L’enjeu d’un taux le plus juste possible est également valable pour les revenus (plus variables que ceux des salariés ou retraités) des indépendants et des gérants majoritaires de société et aussi pour les revenus fonciers. Le PAS implique en effet un système de paiement par acomptes calculés par la DGFiP et payés mensuellement ou trimestriellement. Les indépendants paieront leur impôt sur le revenu par acompte, calculé et prélevé chaque mois ou chaque trimestre par l'administration fiscale.
Mais les micro-entrepreneurs qui ont opté pour le versement libératoire de l'impôt sur le revenu ne sont pas concernés par le prélèvement à la source. La variation de leurs revenus rend plus sensible la question de la modification du taux de prélèvement. Et, pour celles et ceux qui perçoivent d’autres revenus et/ou dont le (la) conjoint(e) perçoit également d’autres revenus (salaires, pensions), la gestion du « juste taux » s’annonce bien compliquée…
Des questions se posent également pour celles et ceux qui sont aujourd’hui non imposables du fait de l’imputation de certaines crédits d’impôts mais qui se retrouveront à l’avenir prélevés durant une année avant de recevoir le chèque correspondant à leur(s) crédit(s) d’impôt en septembre de l’année qui suit celle des dépenses ouvrant droit aux crédits d’impôt.
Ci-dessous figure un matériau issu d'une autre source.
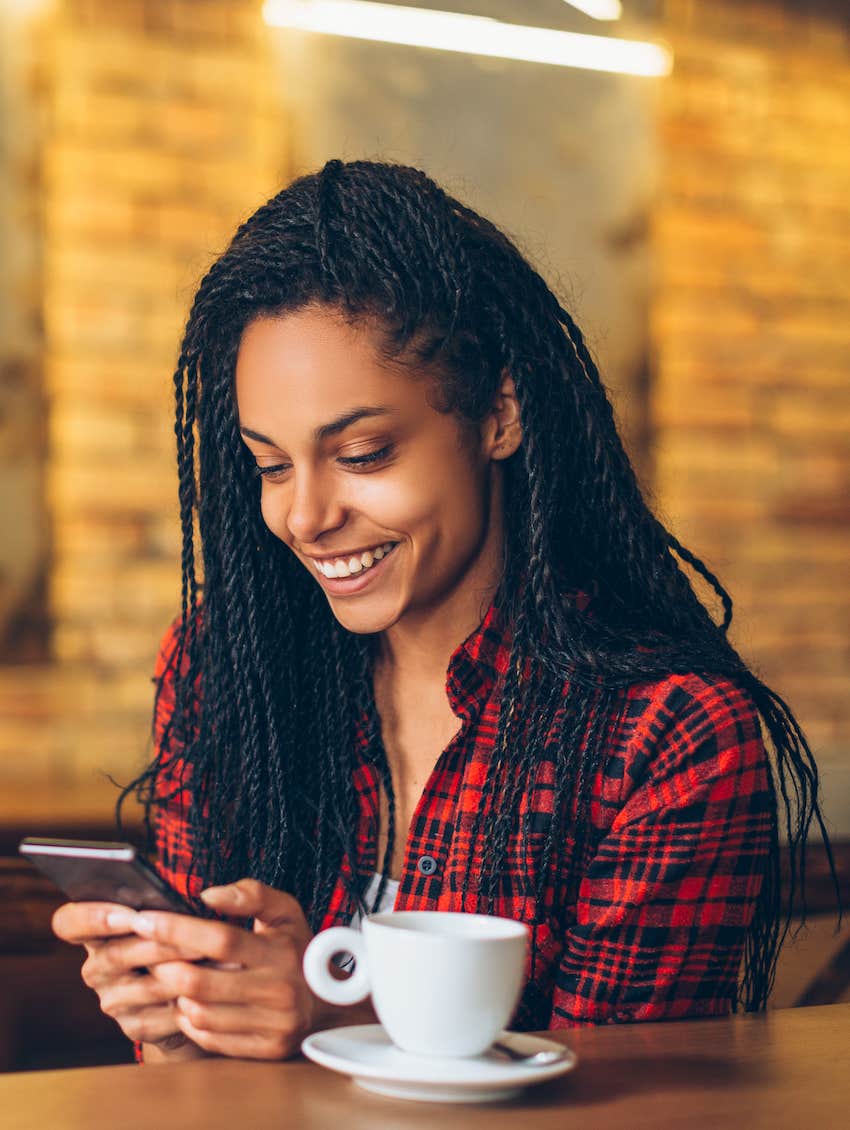 happy woman texting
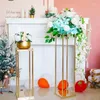 Vasi vasi di fiori colonna d'oro stand metal road con piombo centrotavola per matrimoni eventi decorazioni per feste 1pc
Eux feront une avance de trésorerie à l’État.
Le dispositif, présenté comme simplifié, pour les particuliers employeurs est sujet à interrogations. Il faut donc expliquer ce que sont les deux dispositifs proposés (le PAS opéré par l’employeur particulier ou le prélèvement par les centres CESU et Pajemploi).
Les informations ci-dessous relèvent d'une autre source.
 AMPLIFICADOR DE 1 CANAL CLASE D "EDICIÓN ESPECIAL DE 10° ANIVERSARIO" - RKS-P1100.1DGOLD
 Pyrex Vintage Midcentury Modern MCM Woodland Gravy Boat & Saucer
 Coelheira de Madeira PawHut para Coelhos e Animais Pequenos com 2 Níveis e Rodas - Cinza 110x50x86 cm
Pour certains contribuables, l’année de transition pose problème : il en va ainsi de la fiscalisation de leurs revenus exceptionnels, ce qui suppose de les renseigner sur le périmètre de ces revenus et leur traitement fiscal. Et aussi d’être vigilant pour prévenir tout contournement du dispositif anti-optimisation…
Notons pour finir celui d’un salarié licencié fin décembre 2017 mais qui retrouve un emploi quelques mois plus tard verra son taux d’imposition (calculé sur l’année 2017 durant laquelle il aura perçu des salaires) s’appliquer en 2019. Or, si l’ancien système avait été maintenu, il aurait payé en 2019 un impôt inférieur du fait de ses mois de chômage…
L’impôt sur le revenu n’augmente pas mais son rendement, si…
Toute chose étant égale par ailleurs, hors mesures spécifiques votées dans la loi de finances donc venant atténuer son rendement, le rendement de l’impôt sur le revenu croît de 2,5 à 2,7 milliards d’euros par an. En rendant le paiement de l’impôt « contemporain », l’État peut espérer un surcroît de recettes de l’IR dû au changement d’assiette : l’IR l’année N sera calculé sur l’assiette 2019 et non sur celle de N-1 comme cela était le pas auparavant. L’État peut ainsi espérer un surcroît de recettes significatif. Et ce, même s’il faudra veiller à l’efficacité du dispositif anti-optimisation mis en œuvre afin qu’il ne soit pas contourné.
DéPASsé !
La France sera le dernier pays à instaurer le PAS, un mode de recouvrement daté qui ne répond pas aux besoins ni aux comportements des contribuables. Plutôt que de créer une véritable usine à gaz impliquant 3 parties (le contribuable, le tiers payeur et l’État), il eut mieux valu n’en conserver que 2 (le contribuable et l’État) et instaurer directement un impôt le plus contemporain possible, sur la base d’un paiement de type « mensualisation contemporaine ». Tous les défauts du PAS n’auraient certes pas été gommés (un impôt véritablement contemporain supposerait une véritable réforme fiscale…) mais un tel système aurait eu le mérite d’être moins lourd et de tenir compte de l’évolution des comportements.
Les particuliers sont ainsi de plus en plus nombreux à gérer leurs comptes bancaires de leur ordinateur voire de leur smartphone : il leur aurait été possible de gérer le paiement de leur impôt de la sorte. Pour les autres, malheureusement déjà victimes des mesures qui les éloignent du service public, la gestion de leur situation fiscale aurait été plus simple s’ils n’avaient que la DGFiP comme interlocutrice.